* _TASK INSTRUCTIONS_:
Please return the records below exactly as they appear, leaving every picture out.

Short text fragments from websites

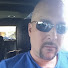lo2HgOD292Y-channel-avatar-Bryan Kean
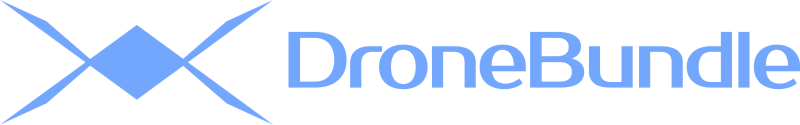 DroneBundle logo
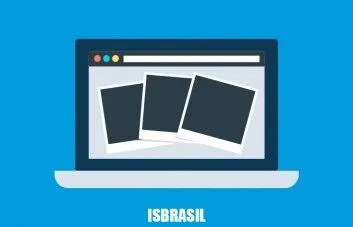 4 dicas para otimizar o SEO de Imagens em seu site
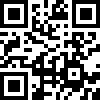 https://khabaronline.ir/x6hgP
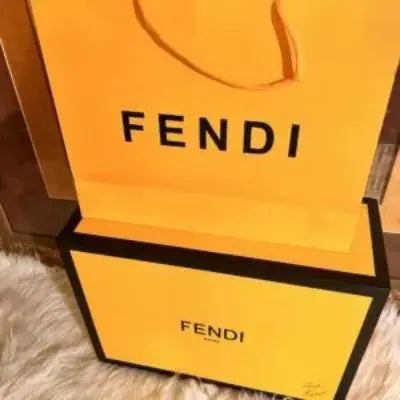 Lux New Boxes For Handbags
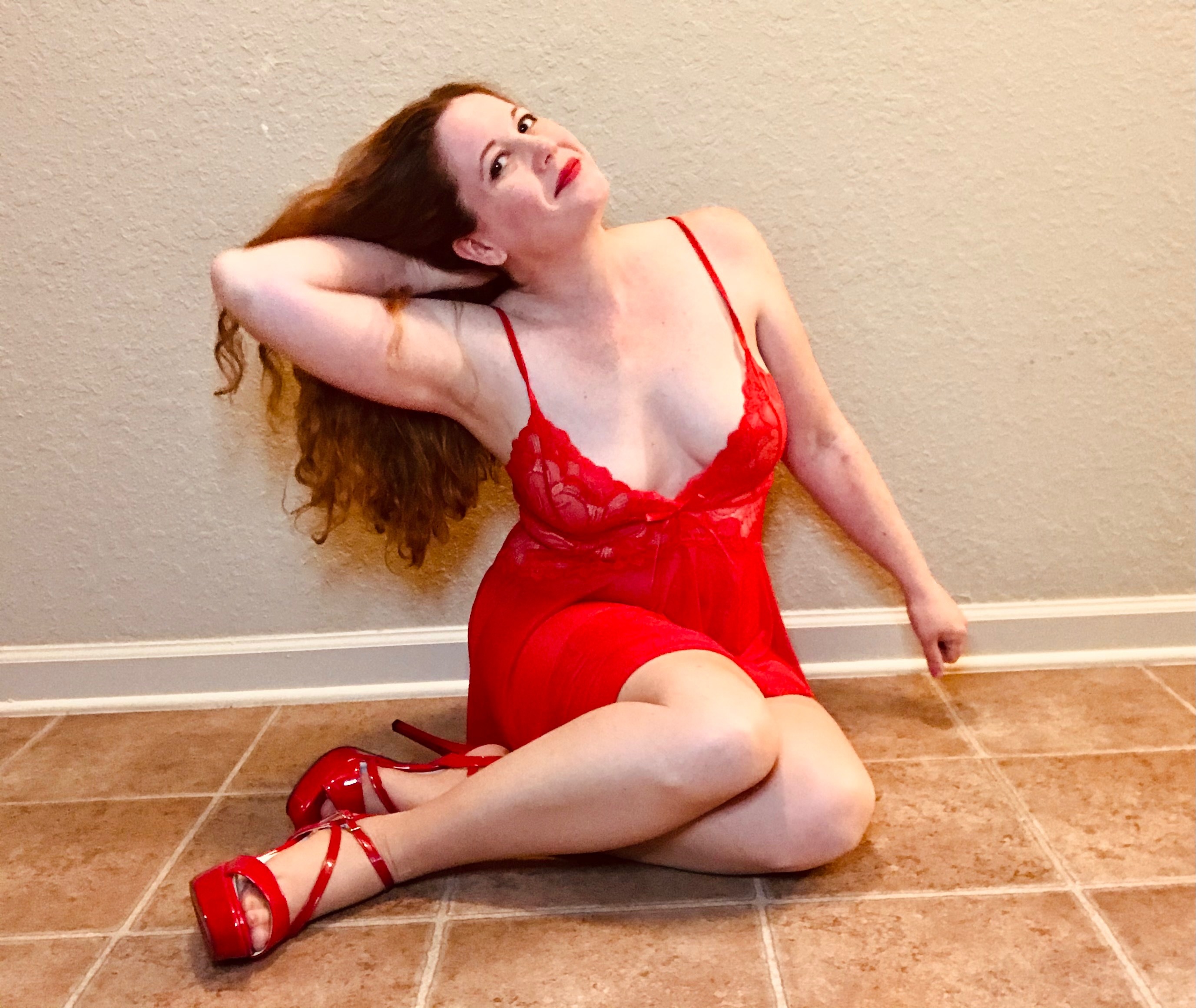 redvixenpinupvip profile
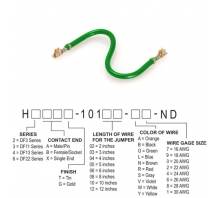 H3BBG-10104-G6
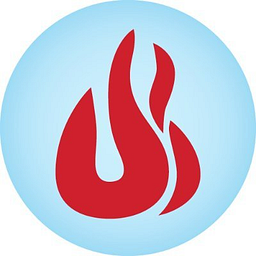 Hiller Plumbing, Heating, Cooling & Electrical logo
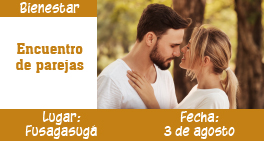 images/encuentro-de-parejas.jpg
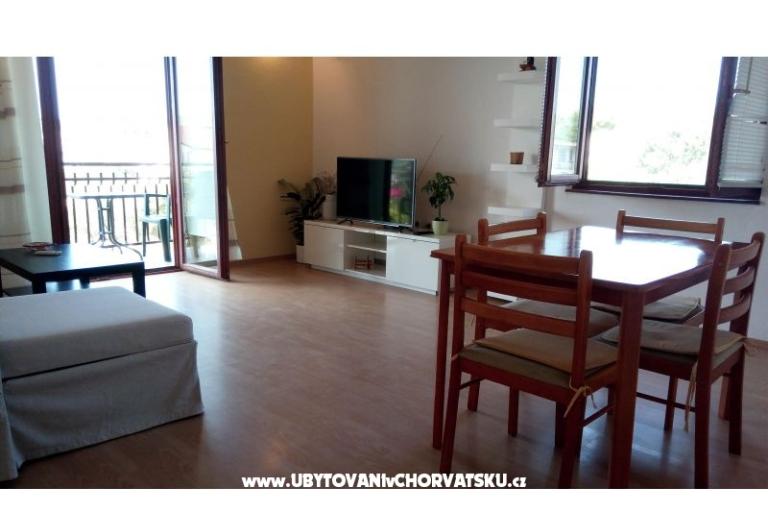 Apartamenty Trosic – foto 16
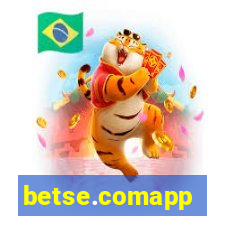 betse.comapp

* _SOLUTION_:
lo2HgOD292Y-channel-avatar-Bryan Kean
 DroneBundle logo
 4 dicas para otimizar o SEO de Imagens em seu site
 https://khabaronline.ir/x6hgP
 Lux New Boxes For Handbags
 redvixenpinupvip profile
 H3BBG-10104-G6
 Hiller Plumbing, Heating, Cooling & Electrical logo
 images/encuentro-de-parejas.jpg
 Apartamenty Trosic – foto 16
 betse.comapp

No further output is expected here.